On October 23, 2017,
the Company completed an underwritten public offering
of 2,910,000 shares of Class B common stock at a public
offering price of $5.50 per
share for net proceeds to
the Company of approximately $14,500,000 after
deducting the underwriting discount and offering fees and expenses
payable by the Company (the “Offering”). The Company
also granted the underwriters a 30-day option, which expires on
November 19, 2017, to purchase up to an additional 436,500 shares
of Class B common stock to cover over-allotments.
The
Company used $1,661,075
of the net proceeds of the Offering for the repayment of the Senior
Secured Promissory Notes in the aggregate principal amount of
$1,650,000, plus accrued interest, which resulted in the
termination of the Senior Secured Promissory Notes. The
Company intends to use the
remaining net proceeds of the Offering for working capital and
general corporate purposes, which may include purchases of
additional inventory held for sale, increased spending on marketing
and advertising and capital expenditures necessary to grow the
business.
Also,
in connection with the Offering, on October 19, 2017, the Class B
Common Stock uplisted from the OTCQB and began trading on The
NASDAQ Capital Market under the symbol
“RMBL.”
At
December 31, 2016, the Company was authorized to issue 100,000,000 shares of
common stock, $0.001 par value (the “Authorized Common
Stock”), including 6,400,000 issued and outstanding
shares of common stock (the “Outstanding Common Stock, and
together with the Authorized Common Stock, the “Common
Stock”). Pursuant to the Certificate of Amendment, the
Company designated 1,000,000 shares of Authorized Common Stock as
Class A Common Stock (the “Class A Common Stock”),
which Class A Common Stock ranks pari passu with all of the rights
and privileges of the Common Stock, except that holders of the
Class A Common Stock are entitled to ten votes per share of Class A
Common Stock issued and outstanding, and (ii) all other shares of
Common Stock, including all shares of Outstanding Common Stock
shall be deemed Class B Common Stock (the “Class B Common
Stock”), which Class B Common Stock will be identical to the
Class A Common Stock in all respects, except that holders of the
Class B Common Stock are entitled to one vote per share of Class B
Common Stock issued and outstanding.

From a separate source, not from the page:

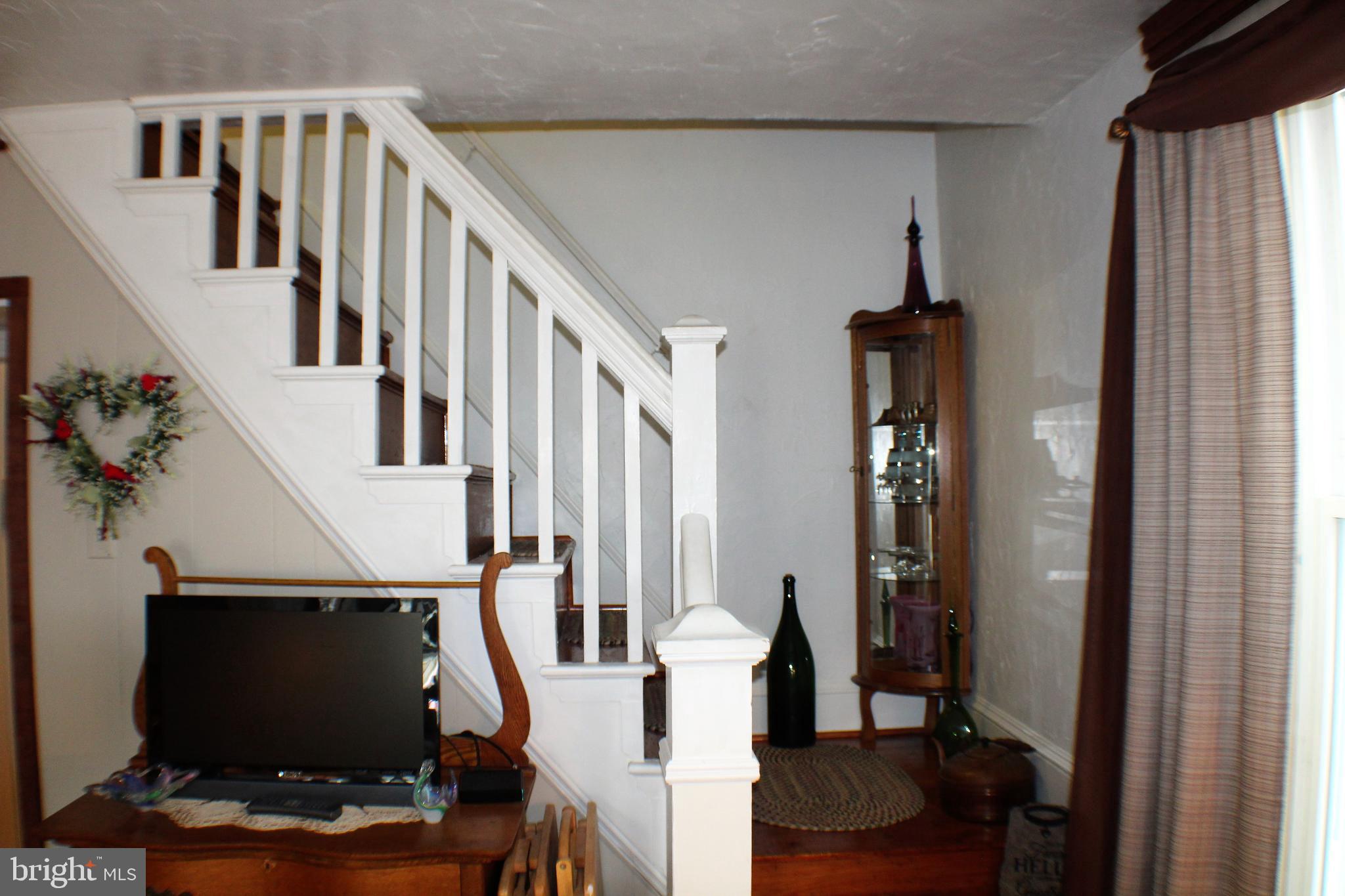 145 3rd Street Hanover, PA 17331 - Photo 5 of 28 Living room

On November 28, 2016, the Company
completed a private placement with certain purchasers, with respect
to the sale of an aggregate of 900,000 shares of common stock of
the Company at a purchase price of $1.50 per share for total
consideration of $1,350,000 (the “2016 Private
Placement”). In connection with the 2016 Private Placement,
the Company also entered into loan agreements, pursuant to which
the purchasers would loan to the Company their pro rata share of up
to $1,350,000 in the aggregate upon the request of the Company at
any time on or after January 31, 2017 and before November 1, 2020.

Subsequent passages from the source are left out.